EU To Combat Latin American Drug Trade

EU To Combat Latin American Drug Trade

The European Union has agreed to expand its effort in combating drug trafficking and violence in Central and South America, reports AFP. The region is a major center for drug transit and desperately needs help combating the growing business of selling and consumption.

"The EU has expressed solidarity and a readiness to help tackle the security situation" in the region, Czech Foreign Minister Jan Kohout, whose country holds the rotating EU presidency, told reporters.

European ministers discussed issues ranging from crime to development cooperation with counterparts from Mexico, Chile, Central American countries associated in the System for the Central American Integration (SICA) and South America's MERCOSUR.

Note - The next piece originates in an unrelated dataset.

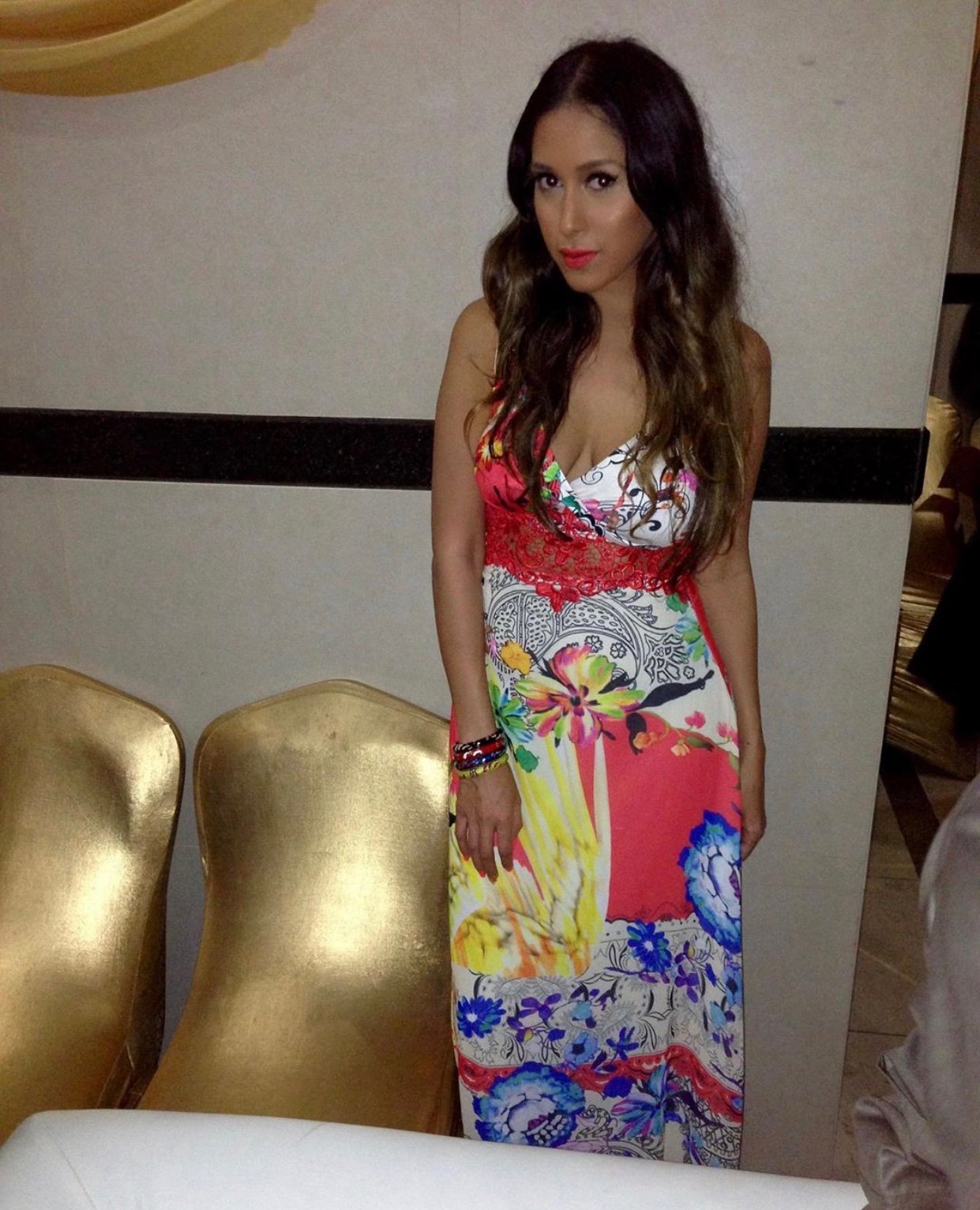Image of PRINTED FLORAL MAXI DRESS WITH LACE APPLIQUE (SIZE 36)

The EU feels the need to lend a hand in fighting the problem as most of the drugs that end up in Europe come from Latin America, explains Czech news service's Cesky Noviny.

Nicaraguan State Secretary Valdrak Jaetschke Whitaker told journalists today that Central America was not a direct producer of drugs, but it was a transit area between drug producers and their consumers from the EU and the USA.

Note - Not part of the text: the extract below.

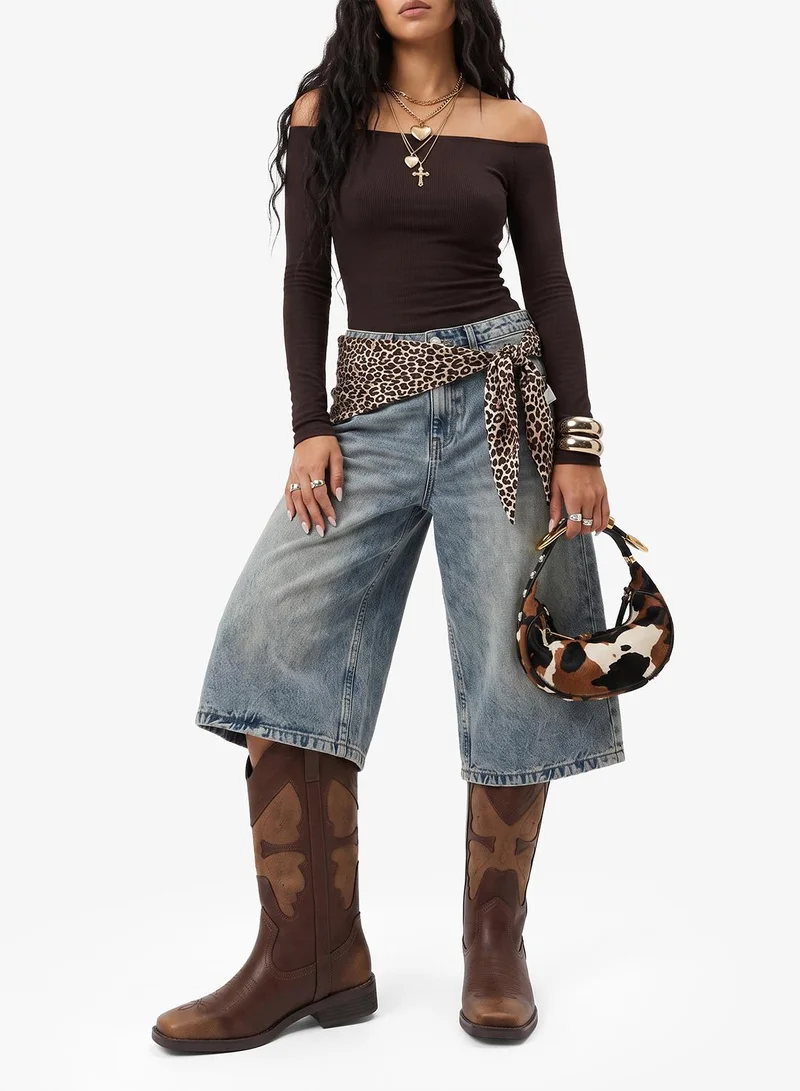 Glamorous BROWN Square Toe Western Knee Boots for Women | Best Price UAE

The EU-Mexico Joint Council mentioned fight against narcotics and organised crime in a joint communique that stressed strategic partnership in many areas. Mexico and the EU consider fight against transnational organised criminal activities in all their forms a fundamental priority, the statement says.

This decision by the EU comes in the midst of the new US drug czar Gil Kerlikowske banishing the idea of a "war on drugs." In constrast to the EU, it Kerlikowske is ready to approch the country's drug problem with a more moderate approach, dealing with the problem as a matter of public health rather than criminal justice, as the Wall Street Journal reports.

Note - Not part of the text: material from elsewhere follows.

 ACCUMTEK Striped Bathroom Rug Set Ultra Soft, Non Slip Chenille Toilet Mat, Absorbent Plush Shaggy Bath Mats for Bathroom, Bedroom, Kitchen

In his first interview since being confirmed to head the White House Office of National Drug Control Policy, Gil Kerlikowske said Wednesday the bellicose analogy was a barrier to dealing with the nation's drug issues.

"Regardless of how you try to explain to people it's a 'war on drugs' or a 'war on a product,' people see a war as a war on them," he said. "We're not at war with people in this country."